Чаадаев страстно верит в будущее христианско-западной цивилизации, единственной, которая способна гармонизировать материальные и духовные потребности человека – при безусловном примате последних, – в ее неминуемое глобальное торжество и даже в ее вечное существование. Но при этом он решительно отвергает любые разновидности расизма186. Уже сам по себе глобализм чаадаевского мышления оказывался созвучным универсальному этосу католицизма, но отнюдь не протестантизма, в адрес которого автор «Философических писем» направляет ряд остро-критических замечаний187, возлагая на Реформацию вину за то, что она «снова повергла мир в языческую разъединенность; она восстановила те огромные нравственные индивидуальности, ту обособленность умов и душ, которую Спаситель приходил разрушать. Если она ускорила развитие человеческого духа, т. о., с другой стороны, она вытравила из сознания разумного существа плодотворную и высокую идею всеобщности…»188, которая должна когда-нибудь спаять воедино человечество, независимо от их расовых и этнических параметров189 – но в первую очередь190 на основе «возвышенного монотеизма»191.

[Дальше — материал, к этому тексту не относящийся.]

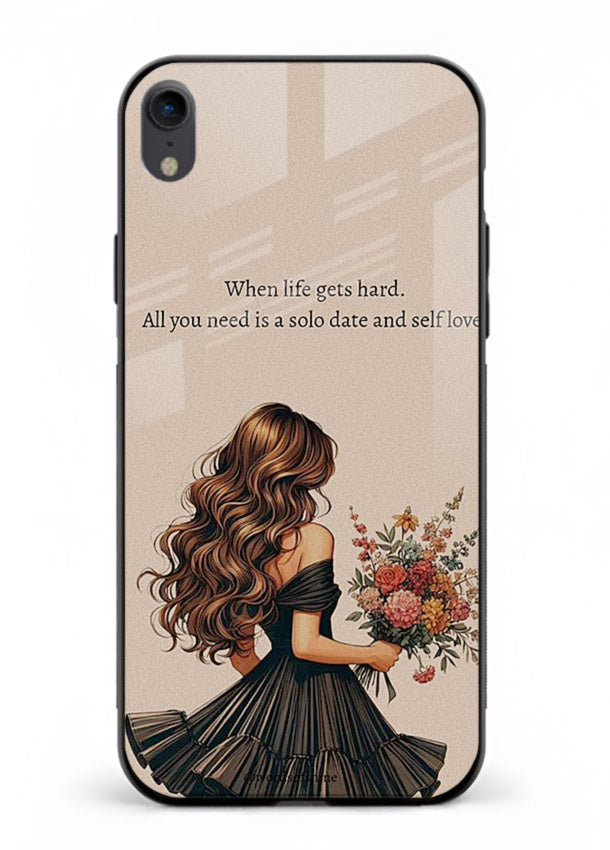 Floral bouquet illustration printed on iphone xr glass back cover with gentle warm tones.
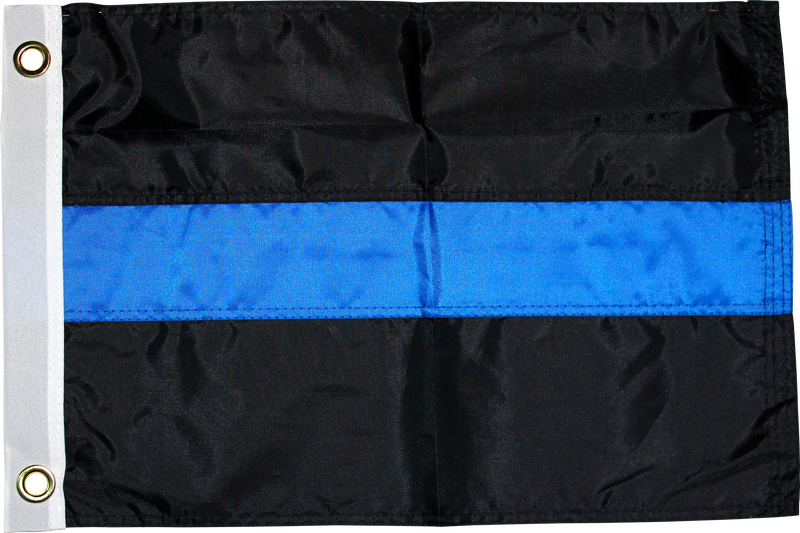 POLICE THIN BLUE LINE BOAT FLAG 210D ROUGH TEX EMBROIDERED GROMMETS 12"X18"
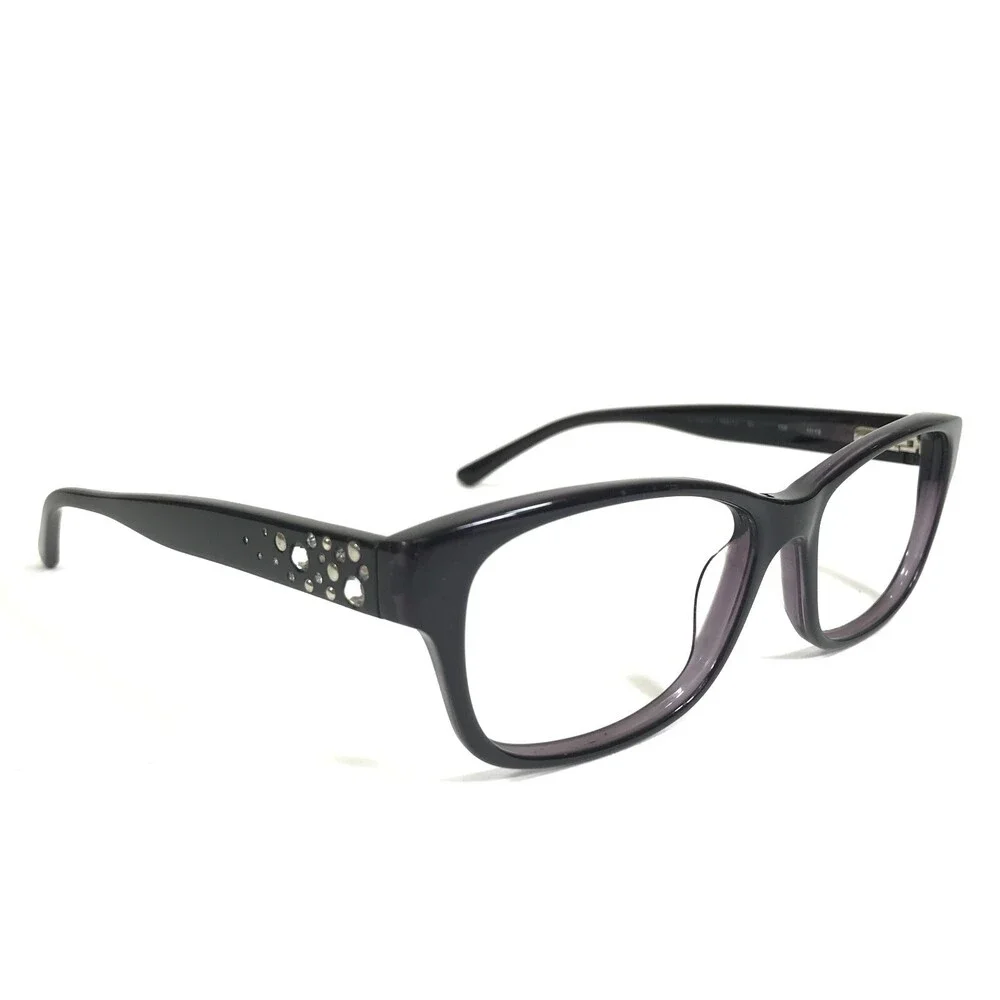 Bebe Eyeglasses Frames BB5112 001 JET Black Purple Square Full Rim 50-15-135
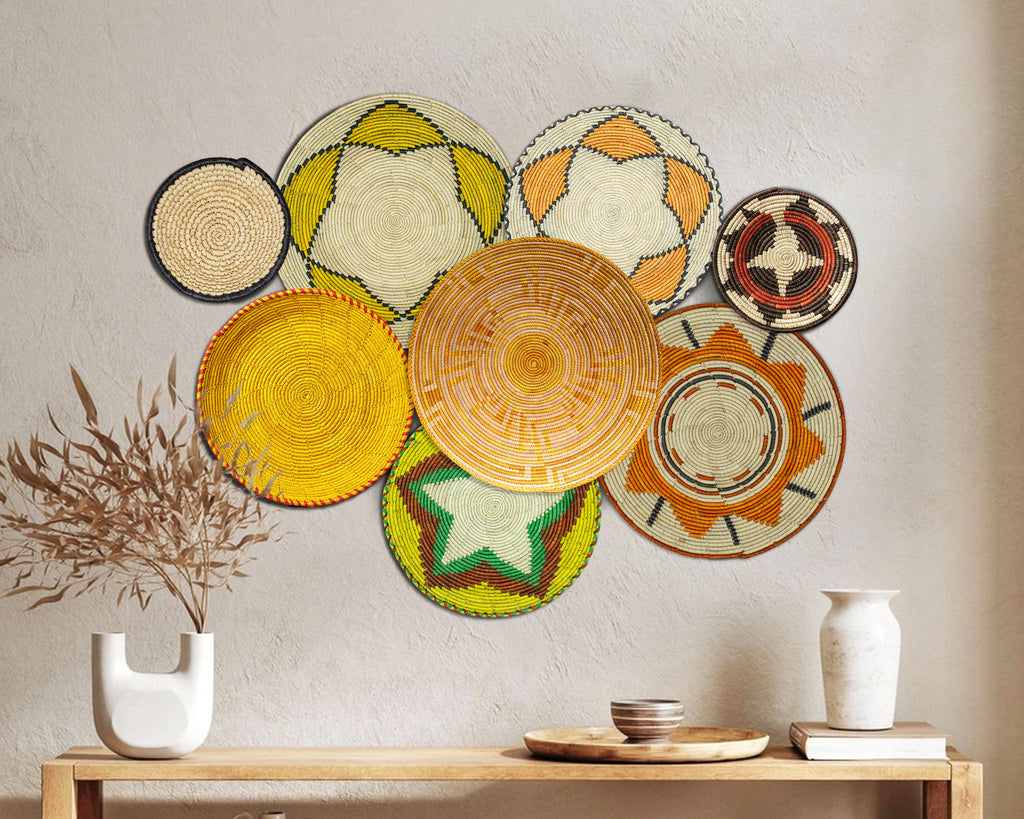 Set of 8 Handwoven wall baskets SET-343-8 N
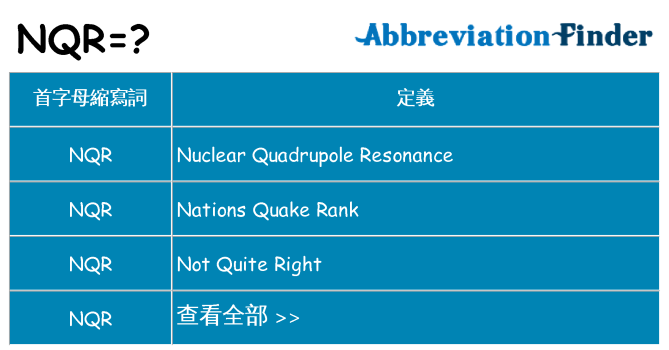 nqr 代表什麼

А он олицетворен у Чаадаева Моисеем, – «самой гигантской и величавой из всех исторических фигур»192, носителем «глубоко универсального замысла – сохранить для всего мира, для всех грядущих поколений понятие о едином Боге»193, Давидом и другими «великими людьми Библии». Все они «принадлежат к особому миру; сияние, окружающее их чело, удаляет их всех, к несчастью, в такую область, куда ум переносится неохотно, в сферу неотвязных сил, непреклонно требующих покорности, где всегда стоишь перед лицом неумолимого закона, где больше ничего не остается, как пасть ниц перед этим законом»194, и все они, особенно Моисей и Давид, «два исполина Писания»195, – неизмеримо выше Сократа и Марка Аврелия196.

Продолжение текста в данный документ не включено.